Elsewhere, bitcoin jumped to its highest since mid-June on hopes of growing acceptance of the cryptocurrency, including speculation Amazon might accept it as payment. Short sellers covering their positions added to the rally.
The world's biggest cryptocurrency was last up 9.2% at $38,690 while ether was 7.2% higher at $2,352 .
"While we see the Fed as being more hawkish this week, it is only one of several speed bumps ahead in what is an environment supportive for risk," said Sebastien Galy, a strategist at Nordea.
"The current profit-taking induced in part by pressure on China's Tech is unlikely to last long as US stocks should again be bought on the dip."
Weighing on sentiment on Monday, however, was China. Chinese blue chips shed 3.2% in the biggest daily decline since March, as the education and property sectors were routed because of worries over tighter government rules.
Investors have been pulling money out of Asian and emerging market stocks and adding to their US holdings, supported by forecast-beating earnings - with just over one-fifth of the S&P 500 having reported, 88% of firms have beaten the consensus of analysts' expectations.
Oliver Jones, a senior markets economist at Capital Economics, noted US earnings were projected to be roughly 50% higher in 2023 than they were in the year immediately prior to the pandemic, significantly more than was anticipated in most other major economies.
"With so much optimism baked in, it seems likely to us that the tailwind of rising earnings forecasts, which provided so much support to the stock market over the past year, will fade," he cautioned.
The week is also packed with US data. Second-quarter gross domestic product is forecast to show annualised growth of 8.6%, while the Fed's favoured measure of core inflation is seen rising an annual 3.7% in June.
BOND YIELDS FALL
Bond markets have remained remarkably untroubled by the prospect of eventual tapering. Yields on US 10-year notes have fallen for four weeks in a row - they slipped another 4 basis points to 1.241% on Monday.
The drop has done little to undermine the dollar, in part because European yields have fallen even further amid expectations of continued massive bond-buying by the European Central Bank.
German benchmark 10-year yields fell more than 3 basis points on Monday to a 5-1/2 month low of -0.449% before recovering slightly.
Chris Scicluna, head of economic research at Daiwa Capital markets, said yields were falling because of geopolitical worries and tighter Chinese regulations.

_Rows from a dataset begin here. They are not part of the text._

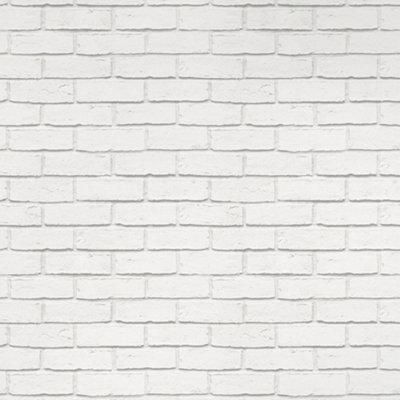 GoodHome Thedden Off white Brick effect Textured Wallpaper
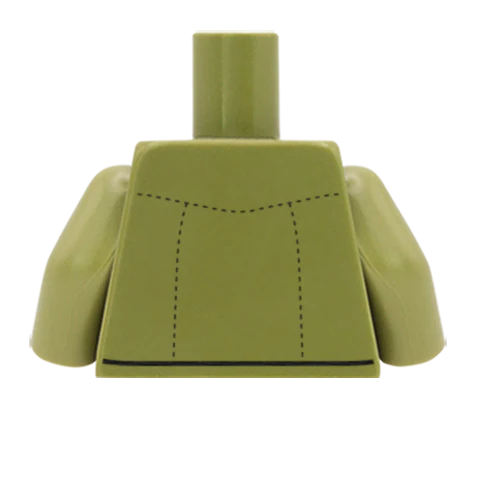 Denim Shirt - Custom Design Minifigure Torso - Image 55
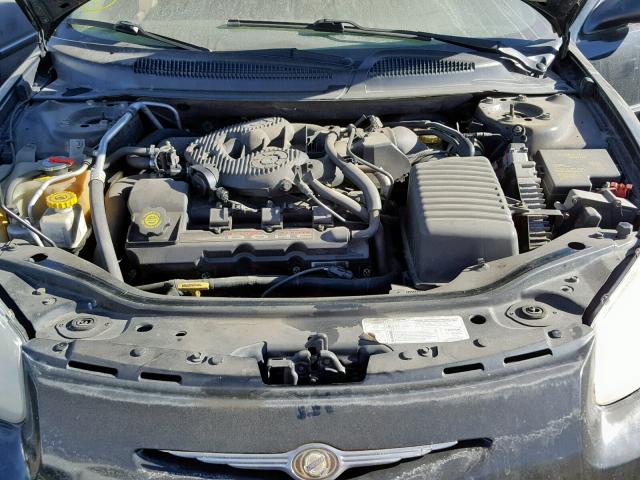 1C3AL56UX1N732101 - 2001 CHRYSLER SEBRING LX BLACK photo 7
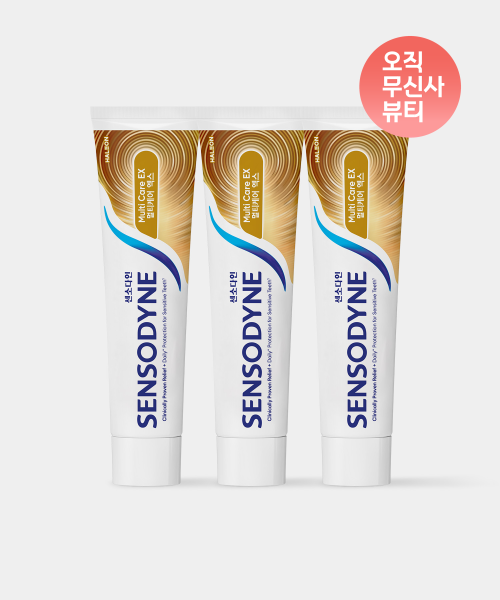 멀티케어 EX 민감성 치약 100g x3개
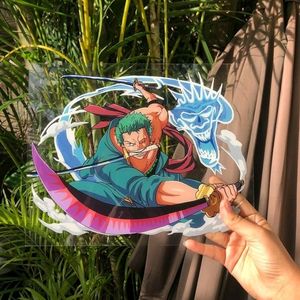 Zoro Glass Painting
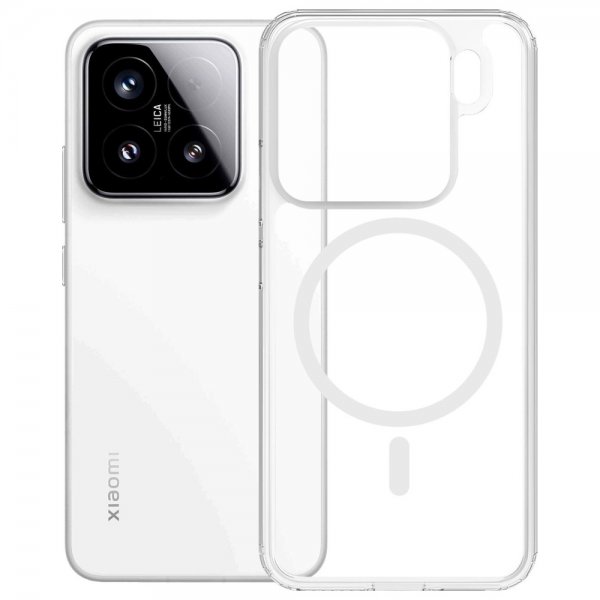 3mk Xiaomi 15 Kuori Armor MagCase Läpinäkyvä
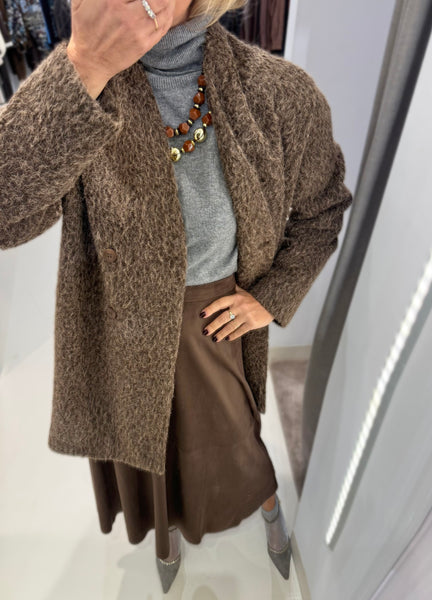 MILOU JACKET | BROWN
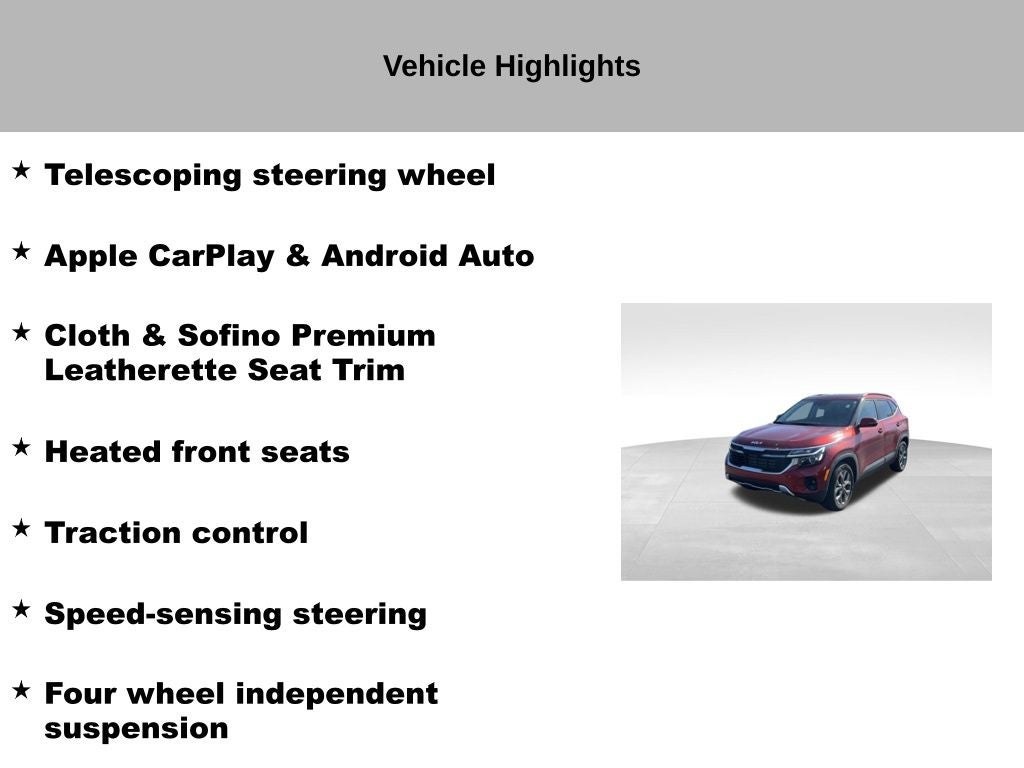 2024 Kia Seltos S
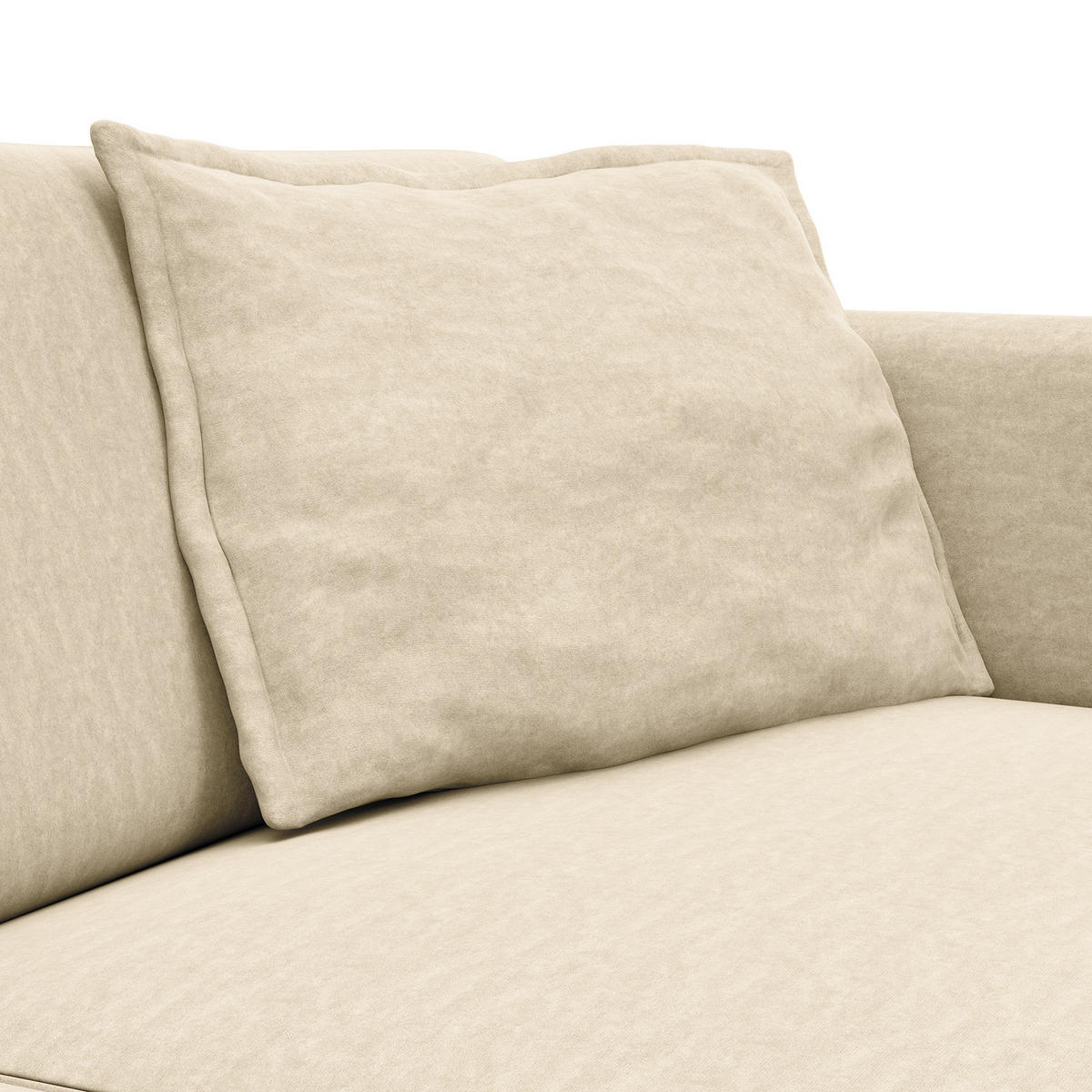 3-SITZER SOFA - Schwarz/Weiß, Kunststoff/Textil (219/84/117cm) - home24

"These developments compound fears about the medium-term outlook for global growth, which is one of the factors that has been pushing yields down," he said.
Investors have also reversed their long-standing dollar short position, data shows, with the dollar index near four-month highs but dipping on Monday to 92.718.
The euro recovered slightly, gaining 0.2% to $1.1794 , though it remained not far from its 2021 low of $1.1704.
Oil prices have been buoyed by wagers that demand will remain strong as the global economy gradually opens and supply stays tight, but they fell on Monday.
Brent weakened 35 cents to $73.75 a barrel, while US crude declined 45 cents to $71.62.